Лето 1913 года мы провели с Бурлюком в Чернянке в Таврической губернии, о которой теперь Бенедикт Константинович Лившиц написал такие взрывные, ракетящие страницы. Приехали в графскую вотчину седьмого апреля, а девятого числа того же месяца в шесть часов утра с отцом, Давидом Федоровичем, случился удар. Доктора пустили кровь, и бывший в могиле уже – медленно поправлялся. Ясность речи и быстрота движений были утеряны навсегда.
Последнее лето семьи Бурлюков в Чернянке быстро летело. Под моим сердцем шевелилась «смена». Белые вуали тучных цветений сменились чахлой веленью дерев, опаленных сладострастным дыханием русского юга. Степь, полная румяного ветра, – лиловые цветы собольки уступили редкой пышности ковыля, по которому паслись тысячеголовые стада Мордвинова. Бурлюк писал этюды сада, степи, кукурузных полей, луж после проливных дождей, а я сидела под мольбертом на стуле, в тени холста читая вслух весьма толстую книгу об искусстве в связи с общим развитием культуры, немецкого профессора…

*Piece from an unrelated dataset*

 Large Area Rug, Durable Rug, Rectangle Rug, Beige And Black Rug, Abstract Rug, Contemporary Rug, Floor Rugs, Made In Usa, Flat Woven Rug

В свободное от живописи время Давид Давидович Бурлюк писал стихи. Брат его Николай Бурлюк был занят писанием романа, где дамы путешествовали по степям в карете, ведя разговоры. Николай Давидович много читал, любил также петь, но голоса не имел никакого, а притом еще страдал отсутствием музыкального слуха. Володя Бурлюк ухаживал за Эммой (хуторянкой), немочкой из Британов: катался в шарабане или верхом по степи, и часто днем в мастерской (так называлась комната с двумя окнами, где Бурлюки писали) в дождливую или ветреную погоду спал, заставившись высокими холстами, чтобы не возбуждать разговоров Людмилы Иосифовны (матушка) о безнравственности ночных похождений. Володя был милого характера… с женщинами соглашался, слушал их укоры, но скоро все забывал…
В августовские вечера вся молодежь ездила на больших мажарах с сеном в Британы купаться в Днепре… И дом, такой гулкий, шумный от многих голосов… прислушивался столетне к тяжелым неверным шагам высокого старика с перекошенным лицом от вяло опустившейся в левой части рта губы.

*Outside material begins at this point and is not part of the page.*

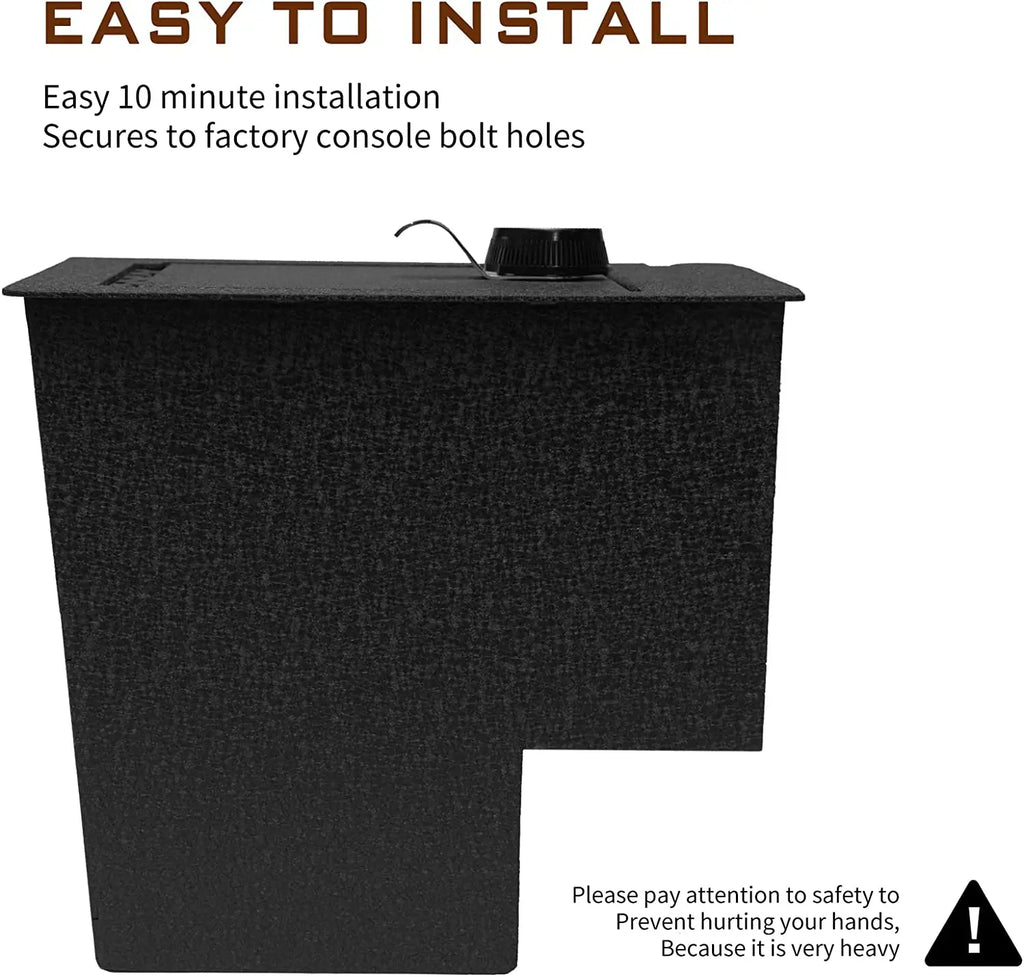 The installation of the 2010-2022 Toyota 4Runner Center console 4-digit combo lock gun safe is very simple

– Мусинька… ты хорошая женщина… скажи, чтобы подавали мне кушать… и не жди Додю… ложись спать…
Меня смущало замечание о моем положении.
21 августа по старому стилю в Херсоне в доме Воронько на Богородицкой улице родился у меня малютка – Додик… Музыкой почудился его слабый писк. Бурлюк во время родовых мук не оставлял меня, держал за руки, а матушка Людмила Иосифовна плакала, прося потерпеть… Она была поэтическая женщина, как-то легко шедшая в жизни.
В это время в Херсон получился из Каховки ящик с 500 экземплярами 1-й «Дохлой луны». А когда Маруся еще лежала после родов в постели, на ее кровати сушились ручные офорты «Молока кобылиц», к печатанию коего сборника только что приступили. Начали печатать «Затычку». Мной были приготовлены к печати и сданы в набор этой же осенью: Хлебников. Творения. I-й и II-й тома. Все это печаталось в Херсоне.

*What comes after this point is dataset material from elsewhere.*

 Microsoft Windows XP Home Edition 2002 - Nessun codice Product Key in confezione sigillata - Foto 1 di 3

С октября месяца 1913 года началось «Большое всероссийское турне». Это турне заслуживает особой книги. В библиотеках СССР в газетах за эти месяцы можно найти любопытнейшие материалы. Города были: Симферополь, Севастополь, Феодосия, Керчь, Одесса, Харьков, Николаев, Кишинев, Херсон, Минск, Киев, Петербург, Москва, Пенза, Казань, Саратов, Ростов-на-Дону, Тифлис, Баку и др. Турне окончилось в апреле 1914 года. Вася Каменский, вероятно, очень подробно опишет его в своих воспоминаниях. Он на своей Каменке имеет громадную литературу касательно.
На этой фразе повествование обрывается. – Сост.